4 - Recurrence

Summary

The sum total of the energy in the universe is determinate, it is not infinite. Consequently the number of positions, changes, combinations of this energy, although tremendously large and practically “innnumerable”, is nevertheless determinate and not infinite. But time, in which the universe exercises its energy, is infinite … Consequently the development at this moment must be a repetition, so too that which it produces and that from which it arises, and so forwards and backwards … the total arrangement of all forms of energy ever recurs.

Friedrich Nietzsche (1844–1900)

Introduction: random systems and recurrence

Imagine an experiment where an unbiased coin is tossed at random over and over again.
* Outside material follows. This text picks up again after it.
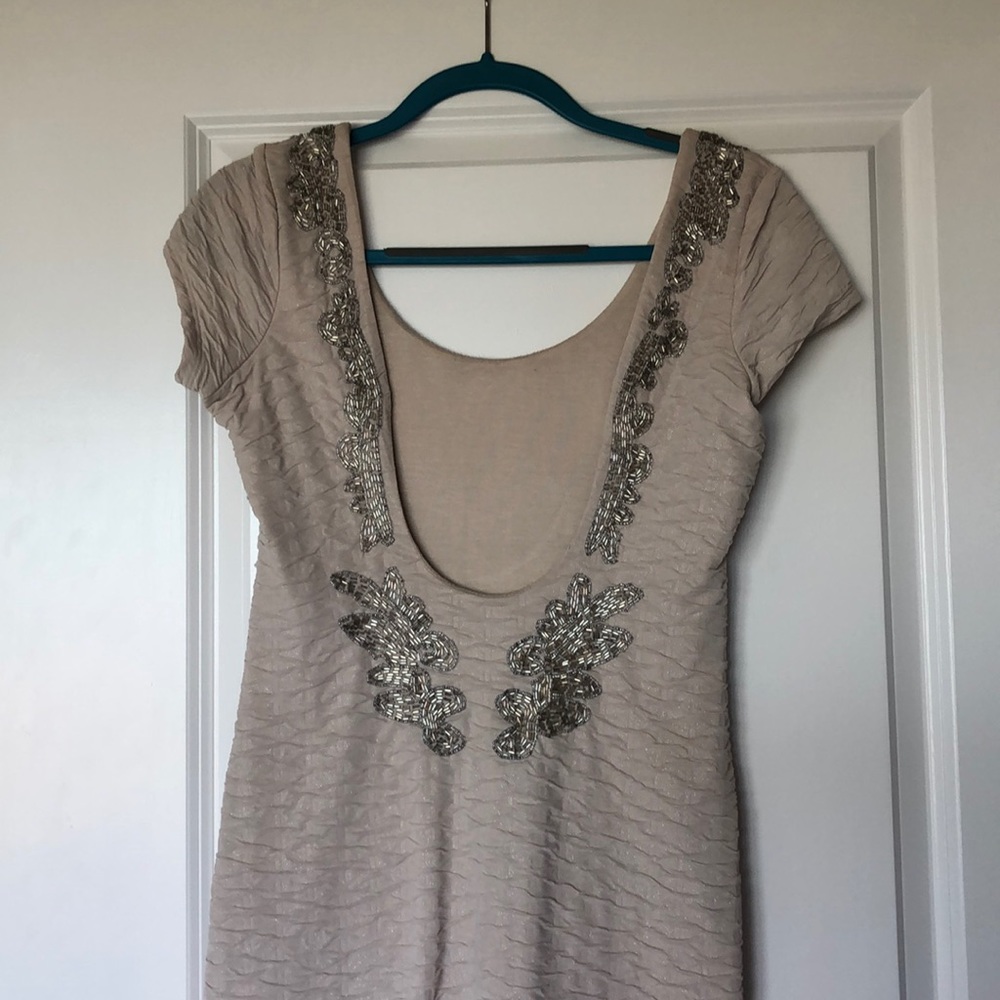 Free people bodycon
Then, recurrence in this process is illustrated by the fact that, sooner or later, we expect to get the outcome “heads”. What is more, if we continue tossing, sooner or later we expect to get the result “heads” again—the outcome “heads” will then have recurred.

More generally, imagine a process developing over time. One state of the process may be observed and then, at a later time, the same state, or one close to it, may be observed again. We might say that the original state of the process has recurred or has recurred in some approximate sense. Such recurrence phenomena are common in nature. For example, the seasons recur at fixed times of the year, the sun rises once every twenty four hours and many astronomical phenomena recur in a like manner.